Problem requirements:
Restate the data below word for word, and let no image into your version.

Recorded information:
_ _ _ _ _
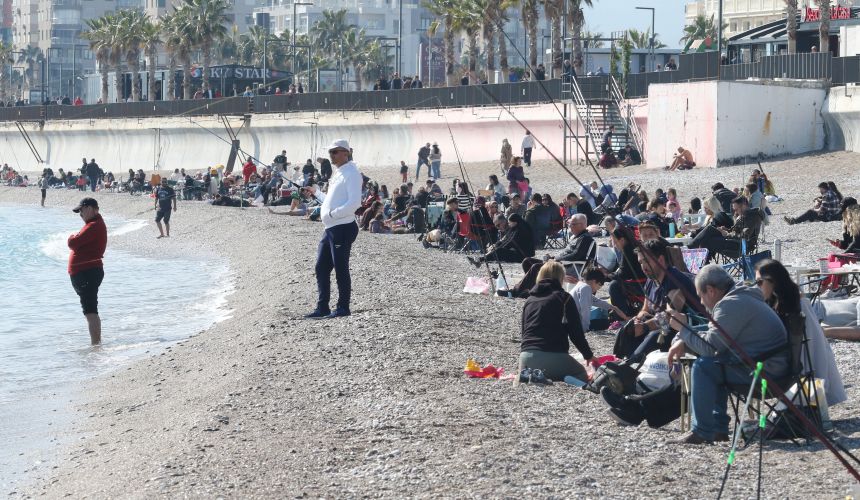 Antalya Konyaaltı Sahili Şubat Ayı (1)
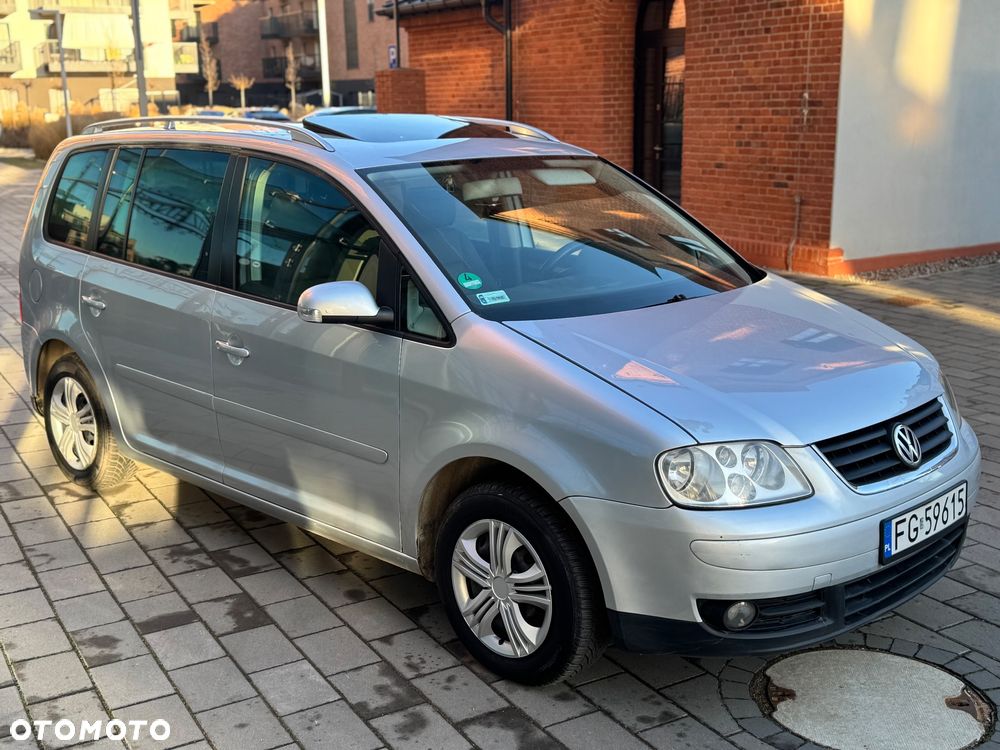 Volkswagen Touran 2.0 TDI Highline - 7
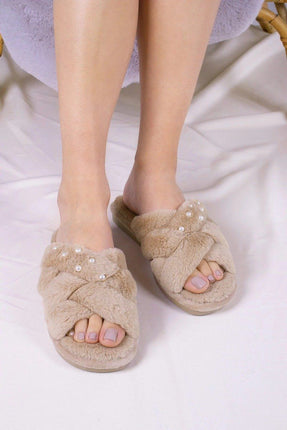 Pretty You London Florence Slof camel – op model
_ _ _ _ _
Output below:
 Antalya Konyaaltı Sahili Şubat Ayı (1)
 Volkswagen Touran 2.0 TDI Highline - 7
 Pretty You London Florence Slof camel – op model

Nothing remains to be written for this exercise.